Detroit is a city with one of the highest unemployment and foreclosure rates in the country. But to many longtime Detroit-based activists, the city today is not just a picture of devastation and ruin. To them, Detroit is a city of hope, a place that seeks to nurture sustainability and community building.

Democracy Now!'s Anjali Kamat and I spoke to the legendary Detroit-based radical organizer and philosopher Grace Lee Boggs. Born to Chinese immigrant parents in 1915, Grace Lee Boggs has been involved with the civil rights, Black Power, labor, environmental justice, and feminist movements for over the past seven decades. Along with her late husband Jimmy Boggs, Grace has been at the forefront of efforts to rebuild urban communities. In 1992, she co-founded the Detroit Summer youth program to renew her city. Grace Lee Boggs turns ninety-five this week and is speaking at a number of events at the Social Forum, including a public conversation with Immanuel Wallerstein.

On Monday night, we visited Grace Lee Boggs at her home in Detroit on the east side, where she has lived for over fifty years. The city is considering declaring her home to be a historical landmark because it has served as an incubator for countless social justice organizations. We asked Grace Lee Boggs to talk about the importance of the US Social Forum coming to Detroit.

Grace Lee Boggs: You know, the World Social Forums began after the Battle of Seattle in 1999. And the slogan, "Another World Is Possible," emerged out of a completely new mentality, when people recognized that essentially those in control are dysfunctional and that the old social democracy dependence on those in power to give you things, that period is over.

 

And I think it's really wonderful that the Social Forum decided to come to Detroit, because Detroit, which was once the symbol of miracles of industrialization and then became the symbol of the devastation of deindustrialization, is now the symbol of a new kind of society, of people who grow their own food, of people who try and help each other, to how we begin to think, not so much of getting jobs and advancing our own fortunes, but how we depend on each other. I mean, it's another world that we're creating here in Detroit. And we had to. I mean, we didn't do so because we are better people than anybody else, but when you look out and all you see is vacant lots, when all you see is devastation, when all you see--do you look at it as a curse, or do you look at it as a possibility, as having potential? And we here in Detroit had to begin doing that for our own humanity.
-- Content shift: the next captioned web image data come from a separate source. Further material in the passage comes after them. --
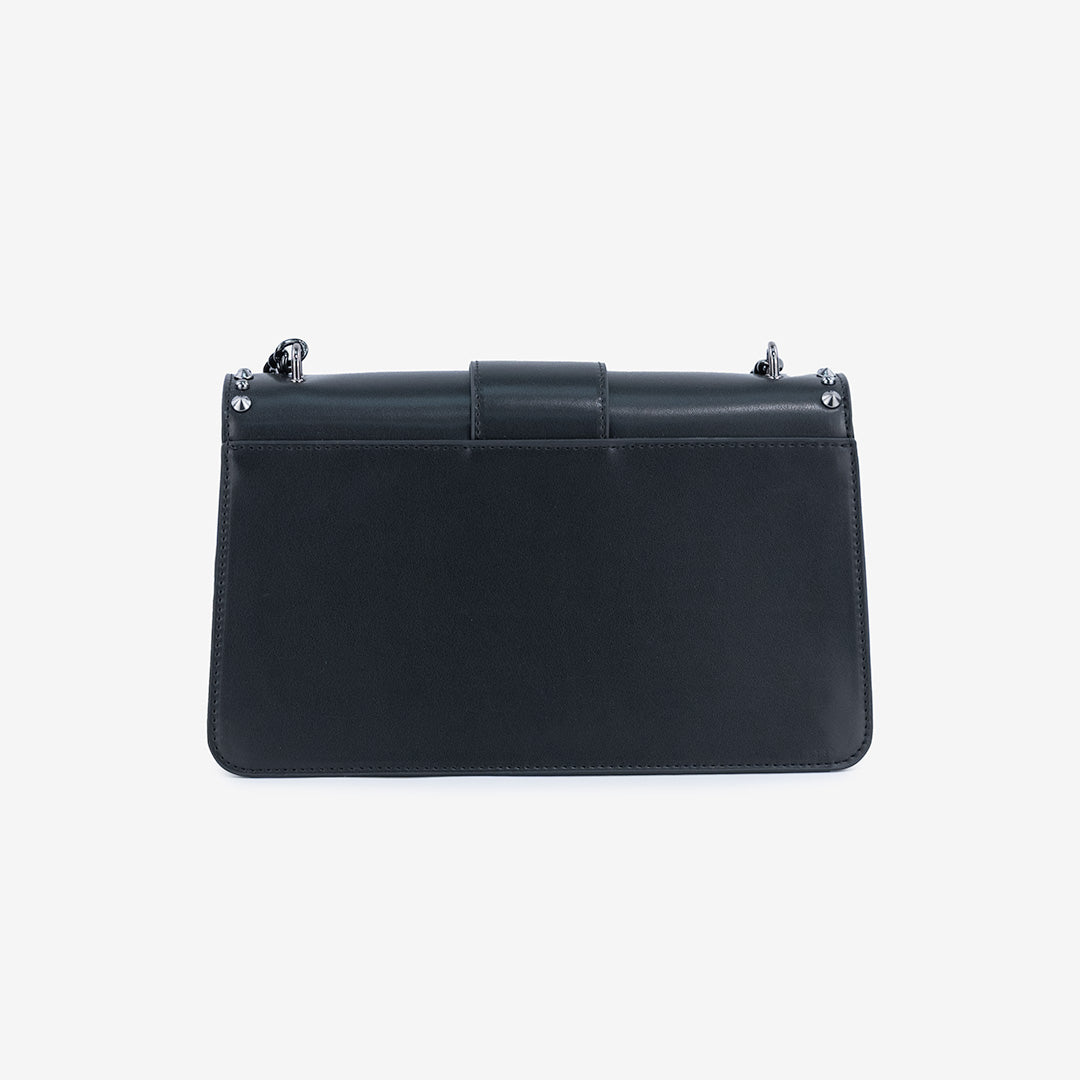 BORSA BLAUER DONNA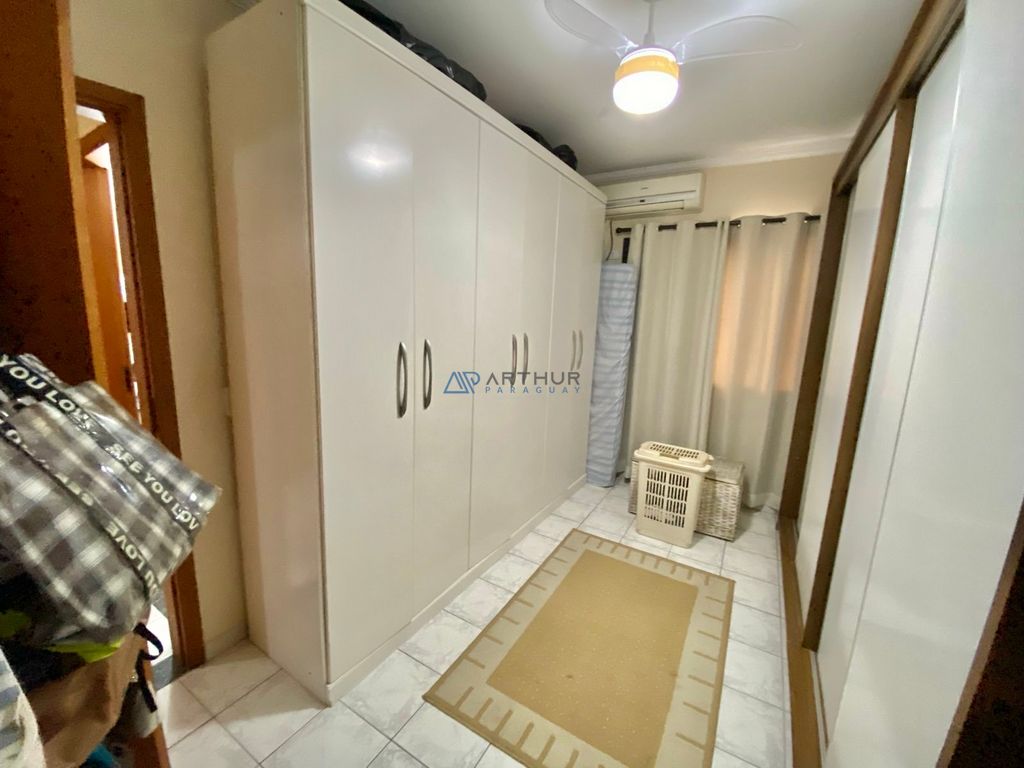 Apartamento 3 dormitórios à venda no Tupi, Praia Grande – 130 m² - foto 17
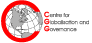 CGG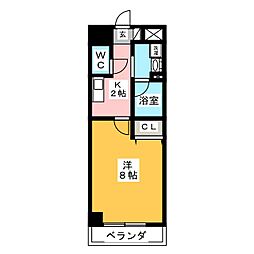 フェリーチェＫ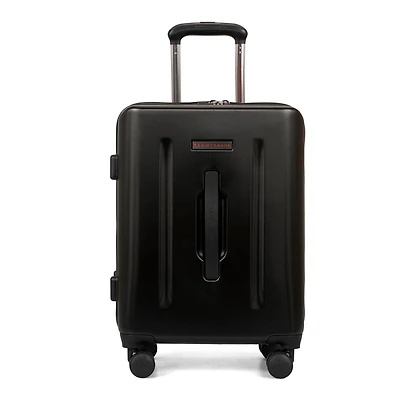 FINAL SALE - Canyon Hardside 20" Carry-On Luggage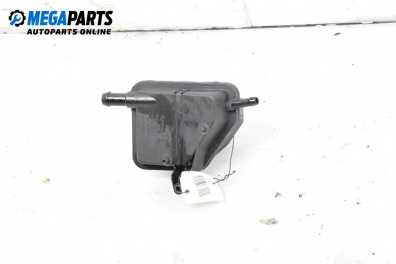 Hydraulic fluid reservoir for Volkswagen Golf IV Variant (05.1999 - 06.2006)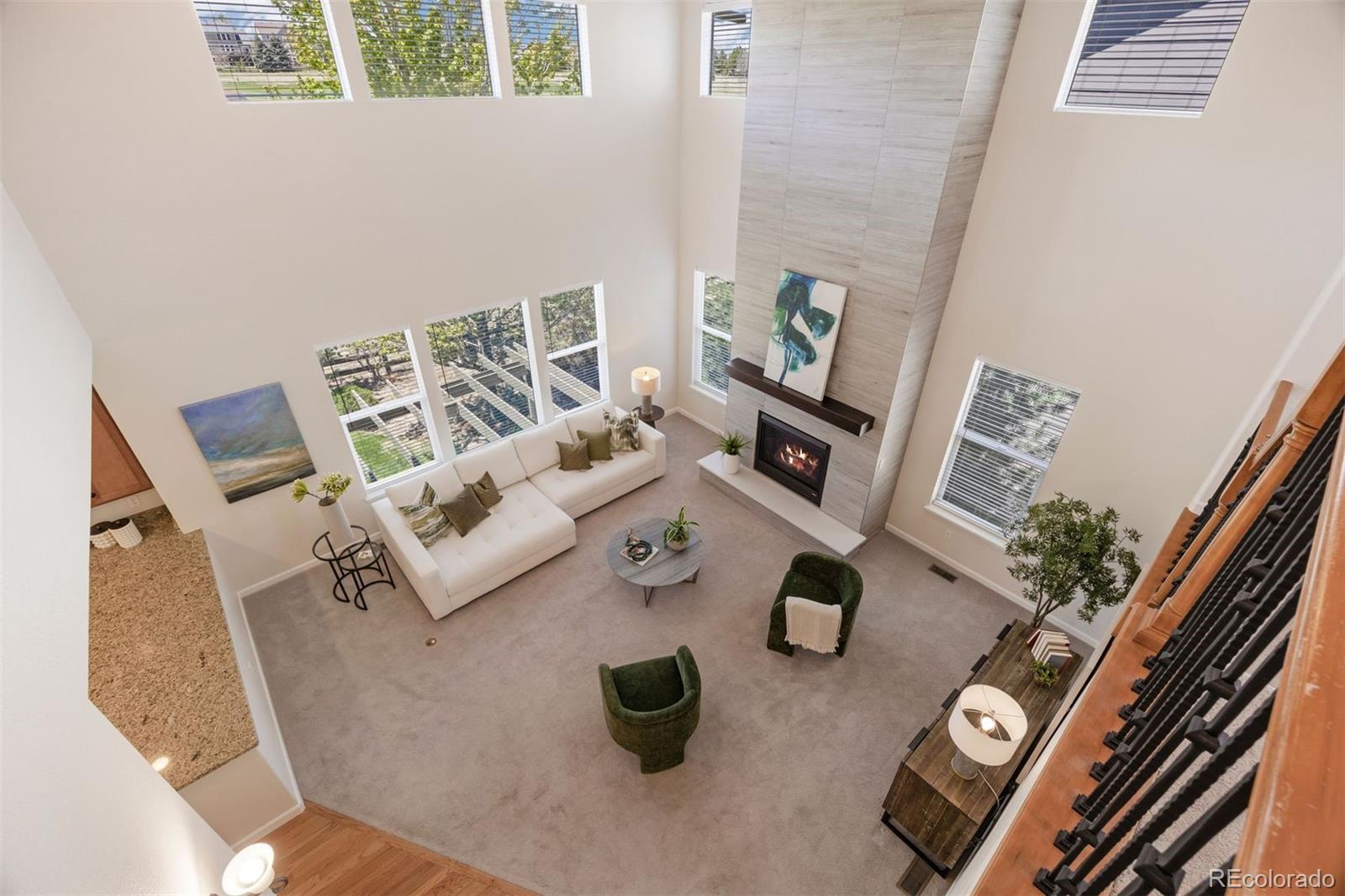 MLS Image #17 for 11983  blackwell way,parker, Colorado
Anjali Kamat: So what do you think the rest of the United States can learn from Detroit?

Boggs: Well, I'm hoping they will learn, and I spoke to two young groups today, one of them from California and another one from Ithaca, New York. Downtown they had come in vans for the Social Forum. I hope they understand from Detroit that all of us, each of us, can become a cultural creative. That's what's taking place. We are creating a new culture. And we're not doing it because we are such wonderful people. We're doing it because we had to, I mean, not only to survive materially, but to survive as human beings. We couldn't give up. And that's why I think--that's what I hope people will learn, because the United States is going through some difficult times, and unless we understand that, and that that is what it means to evolve, not--to see what is negative as a potential positive.